LA RUANA, Mexico — A week after the federal government seized security functions in troubled Michoacan state, the organized crime group wreaking havoc in the state has gone to ground.
But the top three leaders of the Knights Templar gang remain at large, and the armed citizens militia that has put the gang on the run says it won’t give up its weapons until the leaders are caught.
“If they don’t capture these people, then we will remain armed,” said Hipolito Mora, one of the founders of the vigilante movement that began 11 months ago and has occupied much of the state where the Knights Templar had been active.
Mora spoke to reporters in an open-air shed one day last week, and his message wasn’t lost on Mexican federal officials. National Public Safety System Secretary Monte Rubido acknowledged in a news conference Sunday that smashing the Templar leadership is a top priority and that “it is essential … that the visible leaders of the criminal groups be arrested.”

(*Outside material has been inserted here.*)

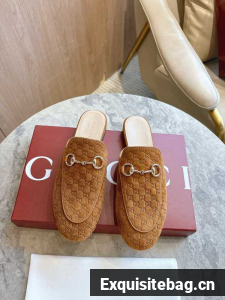 Gucci Shoes GUS00898 Heel 1.5CM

Federal authorities dispatched hundreds of police officers and soldiers to Michoacan last week after the citizen militias surrounded Apatzingan, the headquarters of the Knights Templar, and threatened to seize the town.
Officials said they were concerned that any confrontation between the groups would cost scores of lives.
But Mora said the self-defense forces, as the vigilantes prefer to be called, had grown strong enough that they could prevail in battle with the Templars and would be ready to do the job if the federal forces couldn’t.
When one reporter characterized the federal intervention as the last chance for the government to impose order, Mora did not demur. “I have no doubt that we will win,” he said.
The three top Templar leaders are thought to be Nazario Moreno (El Chayo), Enrique Plancarte (El Kike) and Servando Gomez (La Tuta).
In Apatzingan, the commercial hub and onetime stronghold of the Knights Templar, business owners are uncertain whether the federal campaign can produce arrests of any significance.
“They catch a stray cat and put it up as a grand capo,” scoffed Gonzalo Zaragoza, the secretary of the local branch of the Chamber of Commerce, Services and Tourism of Mexico. “Perhaps they want the national and foreign media to see them as dealing hard blows.”
Federal efforts to impose order in Michoacan have rarely brought success. In a headline-grabbing blow, investigators arrested 10 mayors in the state in May 2009 on charges of working for drug smugglers. But the prosecutions collapsed, and all charges were dismissed.
Templar bosses in Michoacan have been uncommonly open about their identities. They post YouTube videos that show their faces and have been seen in public in several towns.
Journalists have located several mansions that belong to them.